Imagine you work on an end-to-end web test. The test works locally, you commit the code, open a pull request and ... wait for 10-30 minutes for the tests to finish. Of course, your testing CI pipeline might be optimized like mine and finish quickly. Still, running all E2E tests to give you feedback on the spec you modified seems weird, doesn't it?
Run the changed spec first.
That's it. That is my advice. Normally, Cypress runs all specs it finds alphabetically. But if you pass the list of specs using the --spec ...

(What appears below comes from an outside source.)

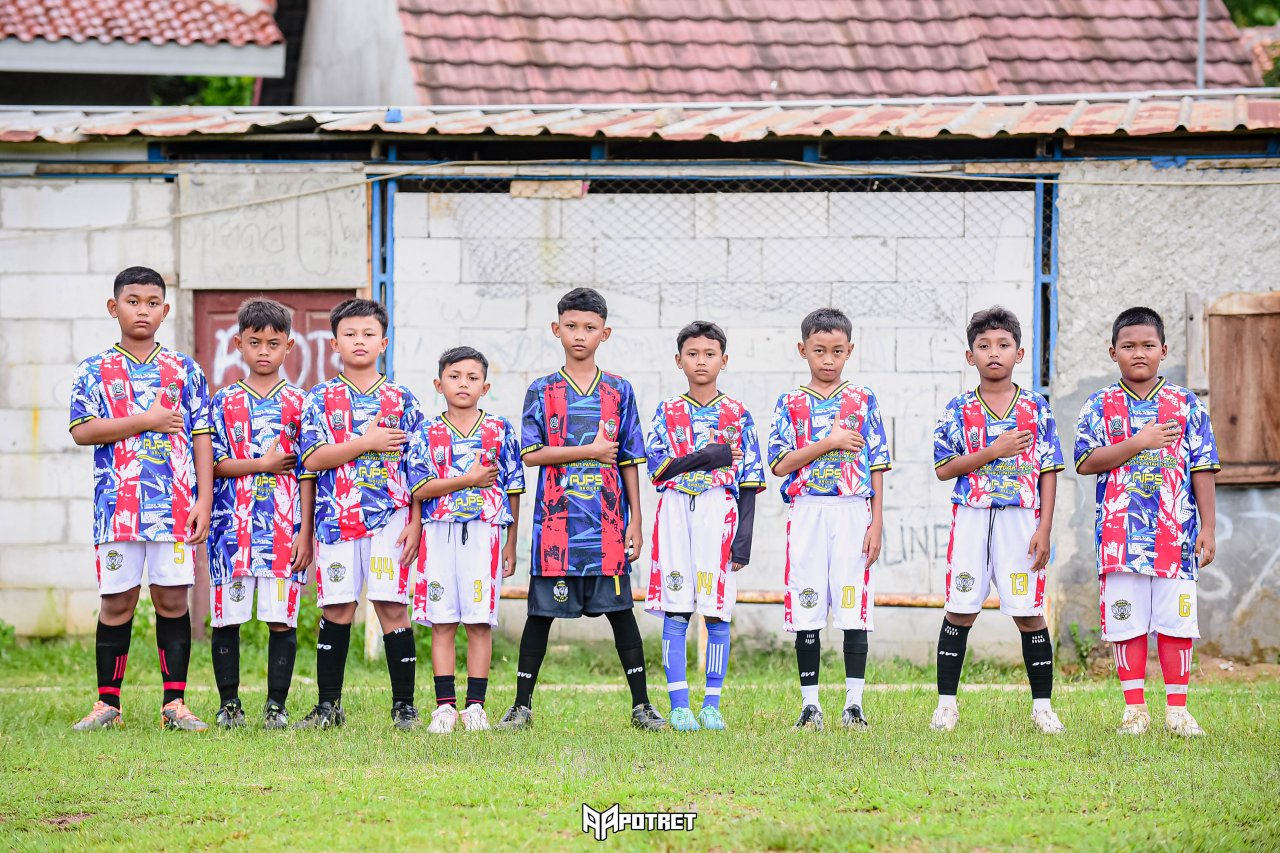 Photo library image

parameter, Cypress runs them in that order:
1 | $ npx cypress run --spec "cypress/e2e/spec-z.cy.js,cypress/e2e/spec-a.cy.js" |
So you can control the list of specs and their execution order. You can find the last commit date for each spec using the git
command with a custom pretty format:
1 | git log -1 --pretty=format:"%ct" -- <filename> |
For example, this blog post has the following recent commit Unix timestamp
1 | $ git log -1 --pretty=format:"%ct" -- source/_posts/run-changed-specs-first.md |
You just run this command for all specs, sort the results with the latest modified timestamp being first, and pass it to Cypress. I even implemented this approach in my utility find-cypress-specs.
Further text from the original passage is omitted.